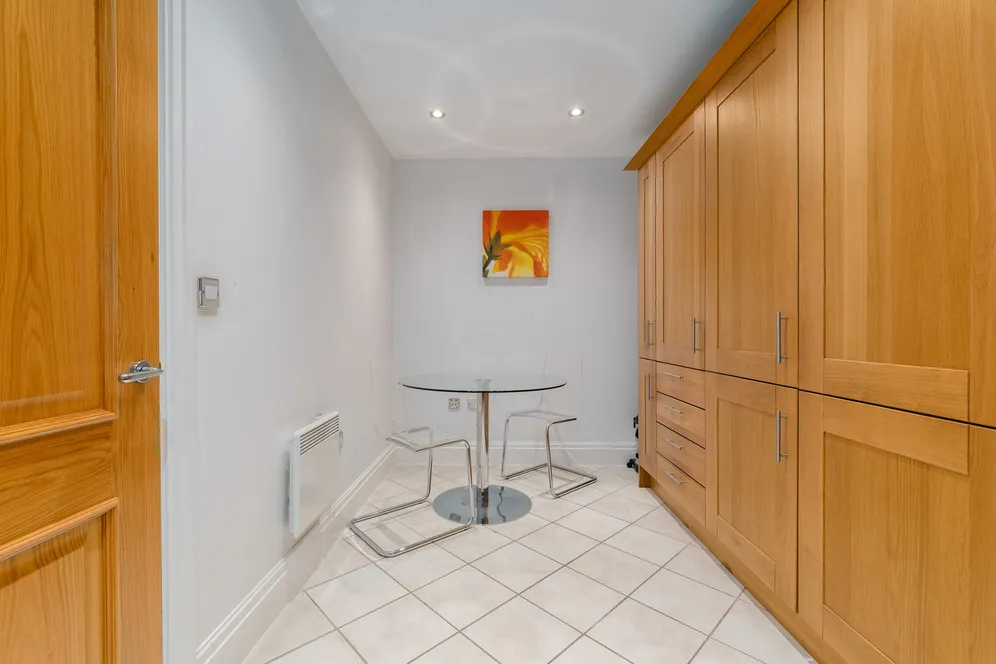 Temple Avenue, London, EC4Y photo 8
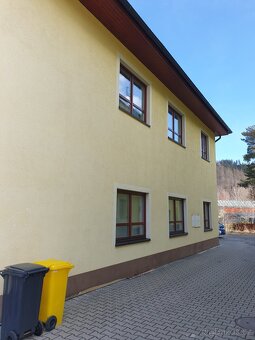 Prodej bytového domu s komerčním prostorem - 11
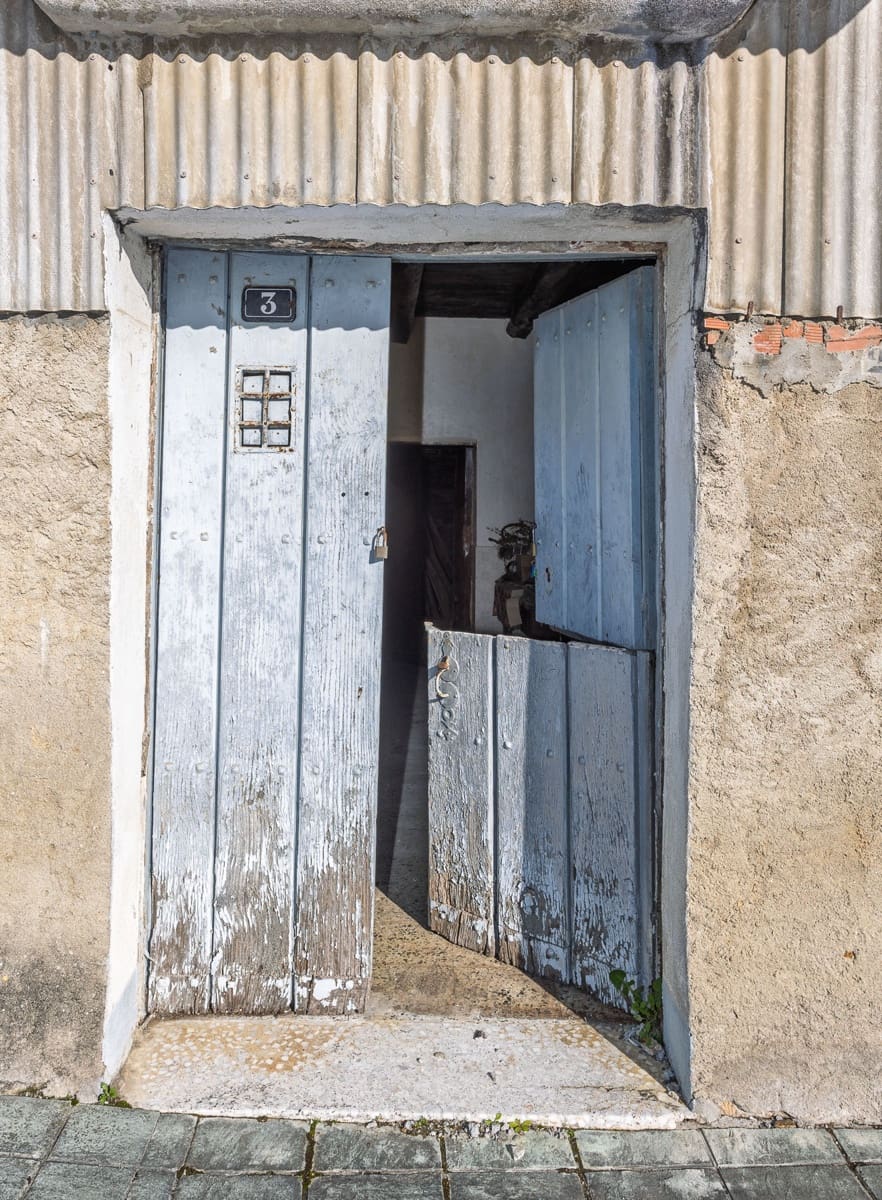 10 bedroom Finca/Country House for sale in Trabada - € 75,000 (Ref: 8882166)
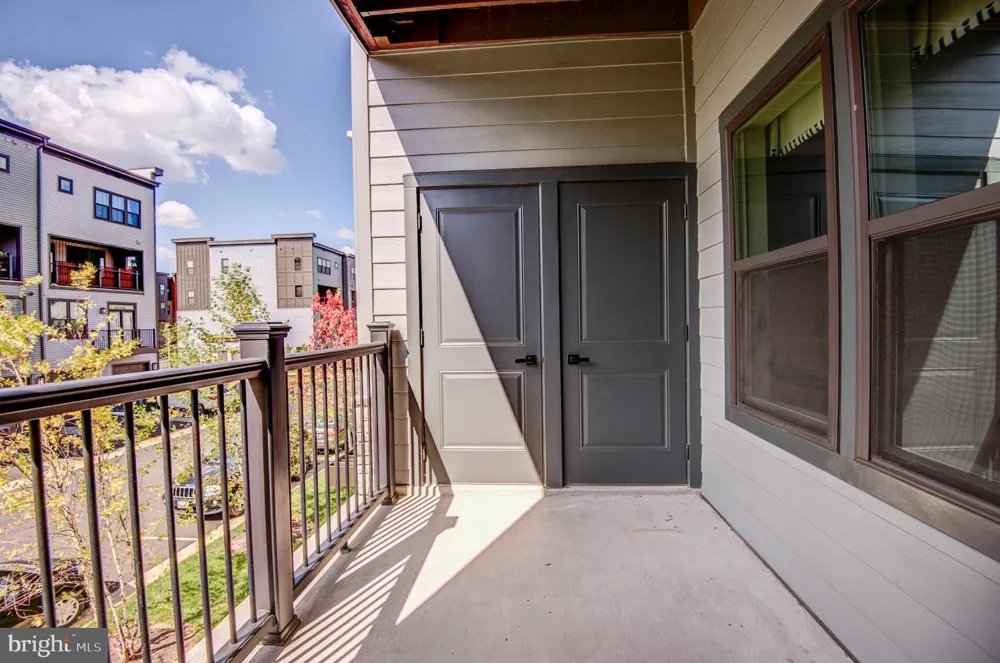 12875 MOSAIC PARK WAY #4-B Herndon, VA 20171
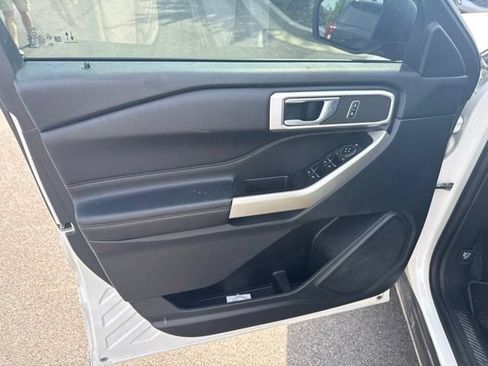 Used 2021 Ford Explorer XLT w/ Equipment Group 202A AWD/4WD image 8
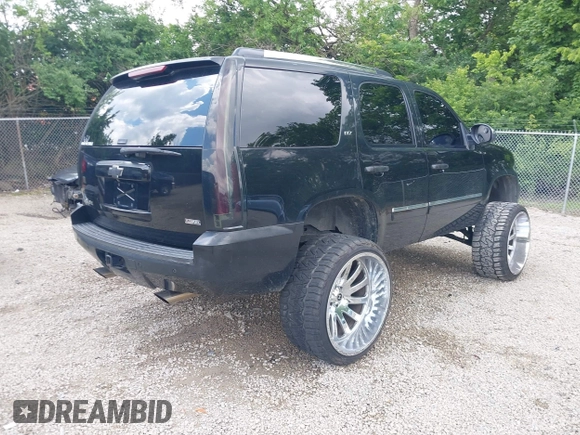 2007 Chevrolet Tahoe LT z VIN 1GNFK13067R331734, wystawiony jako IAAI lot #42372797 z przebiegiem 173 150 mil mil oraz . Historia ofert i sprzedaży dostępna na DreamBid. Obrazek 4.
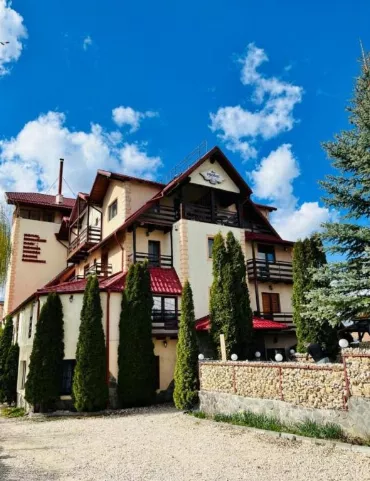 Hotel Bran Dracula, Romania / Bran - Moieciu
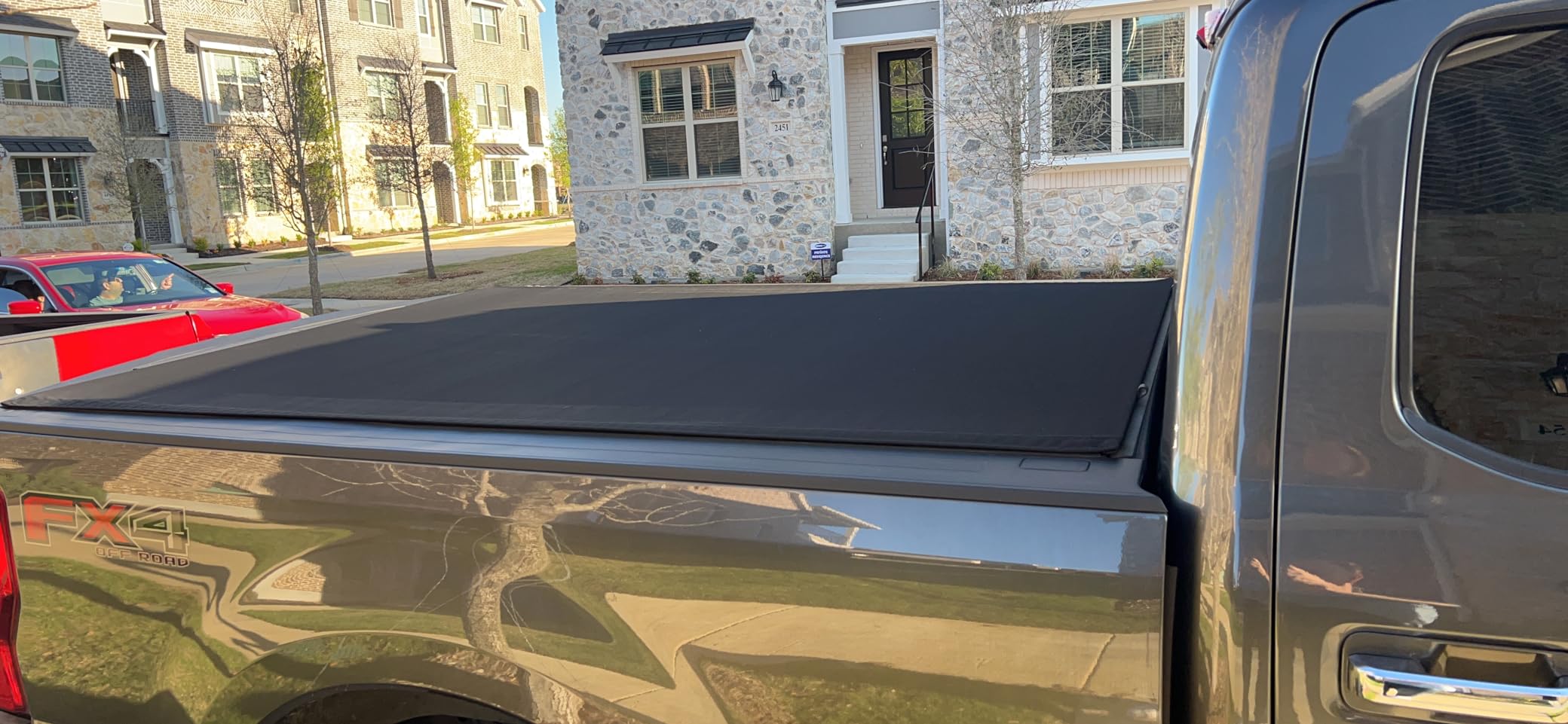 RealTruck TruXedo Sentry CT Hard Rolling Truck Bed Tonneau Cover | 1579116 | Fits 2017-2024 Ford F-250/350/450 Super Duty 6' 10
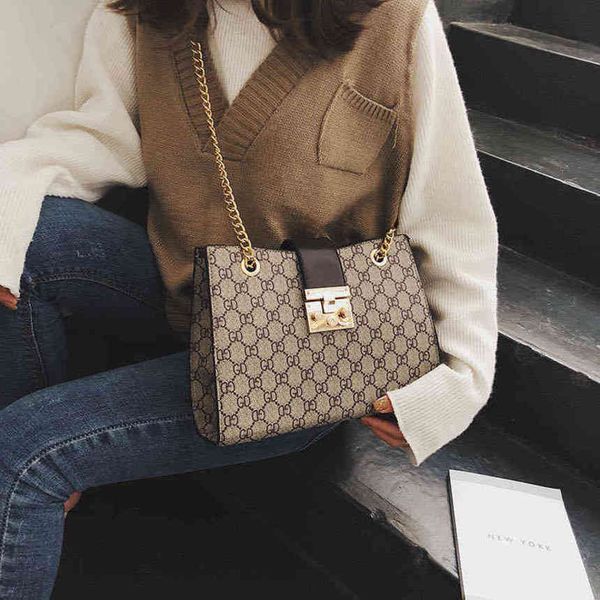 

80%2022 new luxury bags off female version simple versatile lock chain bag atmosphere one bagwomen's fashion bags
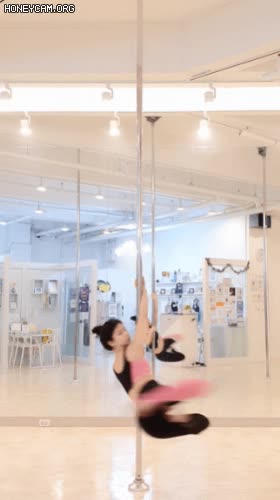 온라인슬롯, 슬롯사이트, 온라인카지노, 슬롯커뮤니티 슬롯왕국 - 남자들을 설레게 만드는 폴댄스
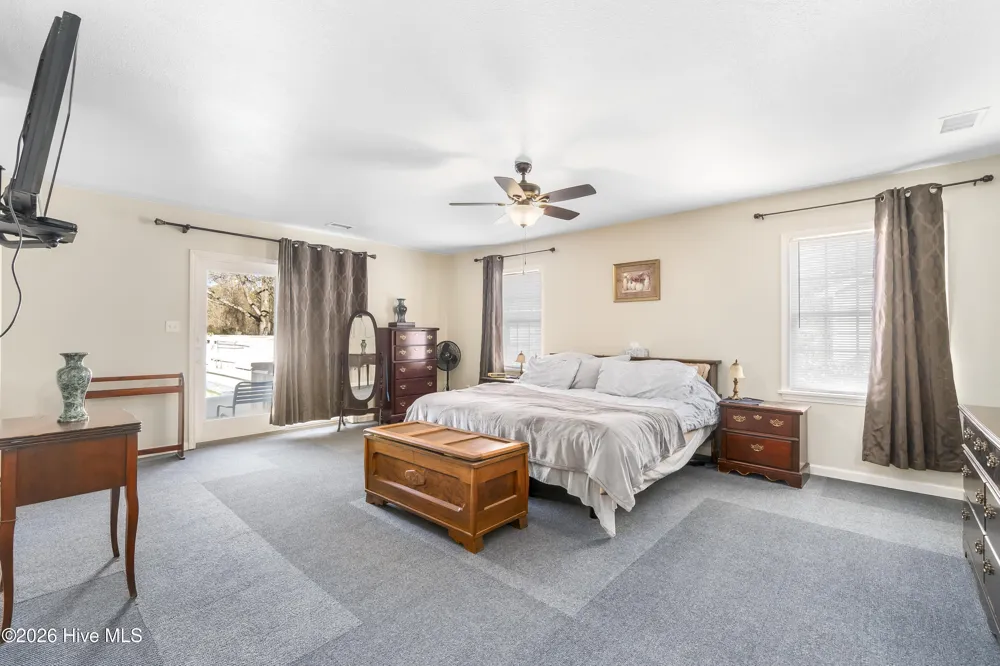 103 Trenor Lane Powells Point, NC 27966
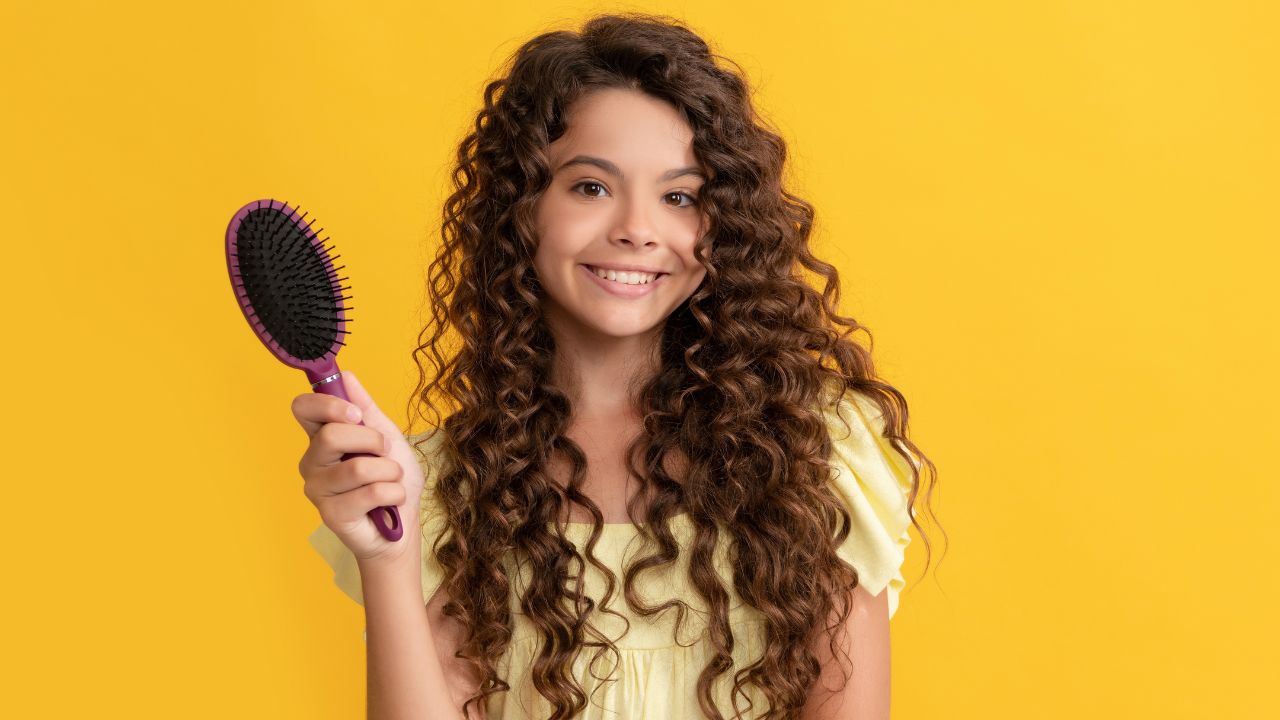Escovas e pentes para cabelos cacheados: saiba os melhores
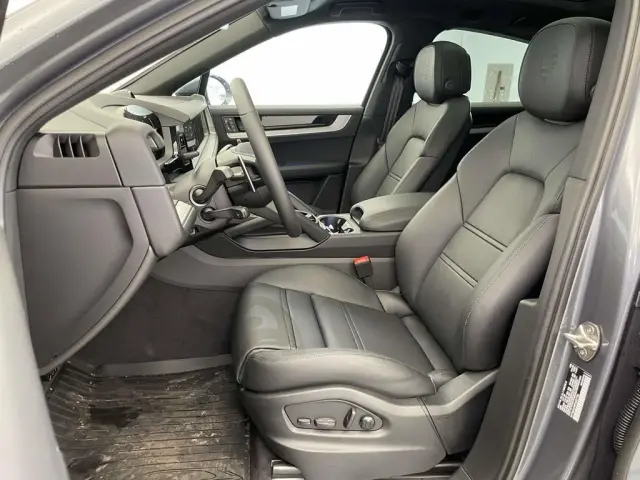 2026 Porsche Cayenne Coup Base - Photo 38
•••••
# About this task
Print the full listing again exactly, and drop every image from it.

# Written answer
 Temple Avenue, London, EC4Y photo 8
 Prodej bytového domu s komerčním prostorem - 11
 10 bedroom Finca/Country House for sale in Trabada - € 75,000 (Ref: 8882166)
 12875 MOSAIC PARK WAY #4-B Herndon, VA 20171
 Used 2021 Ford Explorer XLT w/ Equipment Group 202A AWD/4WD image 8
 2007 Chevrolet Tahoe LT z VIN 1GNFK13067R331734, wystawiony jako IAAI lot #42372797 z przebiegiem 173 150 mil mil oraz . Historia ofert i sprzedaży dostępna na DreamBid. Obrazek 4.
 Hotel Bran Dracula, Romania / Bran - Moieciu
 RealTruck TruXedo Sentry CT Hard Rolling Truck Bed Tonneau Cover | 1579116 | Fits 2017-2024 Ford F-250/350/450 Super Duty 6' 10

80%2022 new luxury bags off female version simple versatile lock chain bag atmosphere one bagwomen's fashion bags
 온라인슬롯, 슬롯사이트, 온라인카지노, 슬롯커뮤니티 슬롯왕국 - 남자들을 설레게 만드는 폴댄스
 103 Trenor Lane Powells Point, NC 27966
Escovas e pentes para cabelos cacheados: saiba os melhores
 2026 Porsche Cayenne Coup Base - Photo 38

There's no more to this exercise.